Answer given by Executive Vice-President Dombrovskis on behalf of the European Commission

Promoting a zero-tolerance policy on child labour and the eradication of forced labour are priorities of EU human rights policy[1]. The Commission advances the implementation of global standards on child labour and forced labour at international level through various measures and policies outlined in the Commission’s Communication on Decent Work Worldwide[2].

Those include, for example, engagement with partner countries under trade instruments[3], development cooperation measures[4], dedicated guidance for companies and initiatives on supply chain sustainability such as the EU Comprehensive Strategy on the Rights of the Child[5], which promotes EU supply chains free of child labour, and the proposal for a directive on Corporate Sustainability Due Diligence[6], which proposes mandatory human rights due diligence for companies.

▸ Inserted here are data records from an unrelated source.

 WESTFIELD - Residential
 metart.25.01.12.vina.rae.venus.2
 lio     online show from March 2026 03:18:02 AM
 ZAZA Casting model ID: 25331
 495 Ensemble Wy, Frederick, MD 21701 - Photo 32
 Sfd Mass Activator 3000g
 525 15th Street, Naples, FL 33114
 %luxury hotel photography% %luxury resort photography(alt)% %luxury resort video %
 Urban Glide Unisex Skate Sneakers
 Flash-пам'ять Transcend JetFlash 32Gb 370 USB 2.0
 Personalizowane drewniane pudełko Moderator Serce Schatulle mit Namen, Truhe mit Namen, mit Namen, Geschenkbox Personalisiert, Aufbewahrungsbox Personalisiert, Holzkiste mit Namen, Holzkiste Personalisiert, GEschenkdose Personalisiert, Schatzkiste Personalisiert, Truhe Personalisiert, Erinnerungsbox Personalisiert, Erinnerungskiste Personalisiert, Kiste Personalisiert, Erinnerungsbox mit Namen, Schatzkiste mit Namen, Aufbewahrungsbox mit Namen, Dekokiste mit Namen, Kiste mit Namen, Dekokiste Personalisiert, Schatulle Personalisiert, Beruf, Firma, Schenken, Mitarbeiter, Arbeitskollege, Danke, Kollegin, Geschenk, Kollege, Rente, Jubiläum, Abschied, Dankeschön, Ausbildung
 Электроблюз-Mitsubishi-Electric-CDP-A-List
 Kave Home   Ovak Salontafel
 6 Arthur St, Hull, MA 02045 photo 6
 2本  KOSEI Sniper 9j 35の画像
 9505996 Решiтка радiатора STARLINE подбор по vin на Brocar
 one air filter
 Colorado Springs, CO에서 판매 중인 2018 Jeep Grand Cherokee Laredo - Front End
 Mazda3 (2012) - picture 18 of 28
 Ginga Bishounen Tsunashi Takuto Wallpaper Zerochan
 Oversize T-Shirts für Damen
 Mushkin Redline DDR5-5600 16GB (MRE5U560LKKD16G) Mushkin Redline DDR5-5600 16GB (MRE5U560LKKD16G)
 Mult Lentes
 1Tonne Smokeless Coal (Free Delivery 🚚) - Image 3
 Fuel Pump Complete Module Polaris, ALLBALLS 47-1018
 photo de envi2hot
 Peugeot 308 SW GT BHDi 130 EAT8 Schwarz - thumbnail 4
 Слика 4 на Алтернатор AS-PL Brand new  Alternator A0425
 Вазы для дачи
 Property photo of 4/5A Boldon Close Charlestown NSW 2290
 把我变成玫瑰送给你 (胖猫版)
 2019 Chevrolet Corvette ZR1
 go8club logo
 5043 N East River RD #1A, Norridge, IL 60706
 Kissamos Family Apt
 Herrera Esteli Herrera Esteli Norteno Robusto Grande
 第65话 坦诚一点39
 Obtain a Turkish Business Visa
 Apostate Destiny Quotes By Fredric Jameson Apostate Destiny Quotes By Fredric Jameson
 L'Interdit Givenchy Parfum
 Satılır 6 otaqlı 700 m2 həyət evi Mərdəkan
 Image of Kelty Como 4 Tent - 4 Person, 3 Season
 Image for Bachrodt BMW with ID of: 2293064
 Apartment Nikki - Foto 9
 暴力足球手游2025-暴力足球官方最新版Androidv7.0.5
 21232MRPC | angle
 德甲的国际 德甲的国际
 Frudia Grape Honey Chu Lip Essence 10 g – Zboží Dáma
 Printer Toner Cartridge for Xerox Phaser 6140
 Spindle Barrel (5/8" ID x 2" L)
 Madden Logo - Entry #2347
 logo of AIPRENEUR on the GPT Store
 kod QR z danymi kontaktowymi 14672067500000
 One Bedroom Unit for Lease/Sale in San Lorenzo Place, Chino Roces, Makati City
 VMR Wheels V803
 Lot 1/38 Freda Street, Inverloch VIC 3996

The Commission’s proposal for a regulation on Forced Labour[7] aims to further contribute to promoting the implementation of international standards at global level by introducing a prohibition to place on the EU market products made with forced labour, including forced child labour.

Under the Commission’s proposal, national competent authorities would investigate specific products and impose bans on those found in breach of the prohibition, and the Commission would support the implementation by setting up support tools such as a network of competent authorities, implementation guidelines and a public database of forced labour risks in specific geographic areas or with respect to specific products.

Under the proposed system, Member States’ c ustoms authorities would identify and stop banned products at EU borders based on the decisions of the competent authorities and information from the economic operators.